Although a box office hit on its release, Point Blank was criticised by many reviewers for what was considered its excessive violence. In particular, squeamish critics objected to the scene where Lee Marvin's vengeance-minded armed robber repeatedly crashes a car thereby reducing the epidermis of his — un-seatbelted — passenger to the texture of pounded steak. Given such criticisms, it is traditional for Hollywood denizens to excuse themselves by arguing that they are far removed from the psychotics that they play. Marvin, however, took a difficult tack.

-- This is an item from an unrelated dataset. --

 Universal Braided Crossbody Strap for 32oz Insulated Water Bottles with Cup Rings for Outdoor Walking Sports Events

"Violence is ingrained in every drop of blood I have," the star said. "Because I come from the cavemen, baby, like everybody else. I don't glorify violence. I try to get to the understanding of it. There has always been violence. Who hasn't put kerosene on the cat's ass and put a light to it?"

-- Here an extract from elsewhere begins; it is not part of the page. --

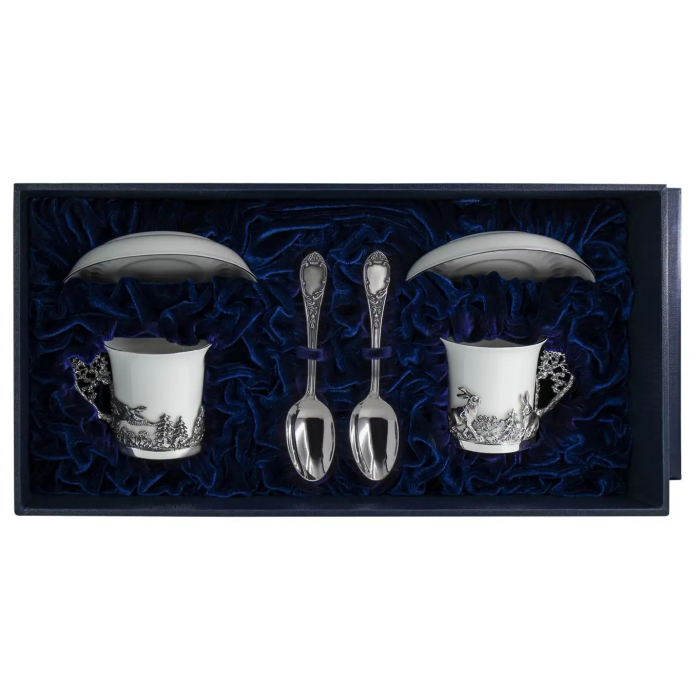 Набор кофейных чашек из серебра и фарфора "Зайцы": блюдце, ложка, чашка, на 2 персоны - артикул: AK01814 | Мосподарок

The answer, of course, is probably far fewer people than the actor imagined. But, then, Lee Marvin was never exactly your run-of-mill type. An ex-Marine, Marvin had spent the latter stages of WWII "island-hopping" across the Pacific, on one occasion shooting at Japanese troops with one hand while vainly trying to plug the bullet-hole in a dying colleague's chest with the other. Moreover, even during his pre-fame days, the actor had gained a reputation as one of Tinseltown's livest of wires, thanks to his penchant for boozing, fighting and saying pretty much whatever came to mind. Most memorably, while making the Dirty Dozen (1967) in London, Marvin told a friend of Sean Connery that he bet she had, "The prettiest pink clittie in the room." This would surely have started the most famous A-list punch-up in history, had not Dozen producer Ken Hyman provoked laughter all round with the plea: "Not his face, Sean. We've got close-ups! Hit him in the body."

In short, it is difficult to think of an actor better suited to portray Point Blank's Walker — a relentless agent of death prepared to take on an entire organised crime syndicate if necessary to get the money he believes he is owed. Walker was originally the creation of novelist Donald E. Westlake — although he is called Parker in the books — and is arguably the most hard-boiled recurring character to be found in American noir fiction. A thief who depends equally on brains and brawn, he is also happy to murder anyone who gets in his way. Neither witty nor romantic, it is his sheer will power that makes him such a fascinating and popular character. "Parker" has appeared in no less than seven big screen adaptations including The Outfit (1974) and Mel Gibson's recent Point Blank retread Payback. But it is in Boorman's movie that he is most faithfully represented thanks to Marvin's awesomely hard-nosed performance.

As it happened, the actor would prove his worth to Boorman both on and off screen. Although the director had made a name for himself with the Dave Clark Five-starring Hard Day's Night knock-off Catch Us If You Can, he was an unknown quantity who would be replaced at the first sign of trouble. Just such a sign looked like being sent when Boorman ran into difficulties filming the movie's Alcatraz-set prologue, a difficult flashback-within-a-flashback sequence that would establish the movie's at times bewilderingly tricksy but defiantly stylish tone. Seeing that his director was in trouble, Marvin saved the day by pretending to be drunk.

Yet, while Marvin was without peer when it came to acting pissed, he also had few competitors when it came to the real thing, as biographer Donald Zee recalls: "The story goes that it was Boorman, or more specifically his car, which figured in a fascinating interlude one night in Beverly Hills. It seems the actor and director had been celebrating with real Anglo-American gusto. When the carousels ended, Lee crawled onto the roof of the director's stationwagon and refused to come down. Boorman, feeling that the cool night air might induce a change of attitude, began slowly driving down the street. A police car pulled alongside. "Do you realise you have Lee Marvin on the roof of you car?" the officer asked. "Of course I do," the director frowned. "That's all right then," the officer replied. "But drive carefully."

Showing that "the little man" CAN make a difference. Marvin is exceptional.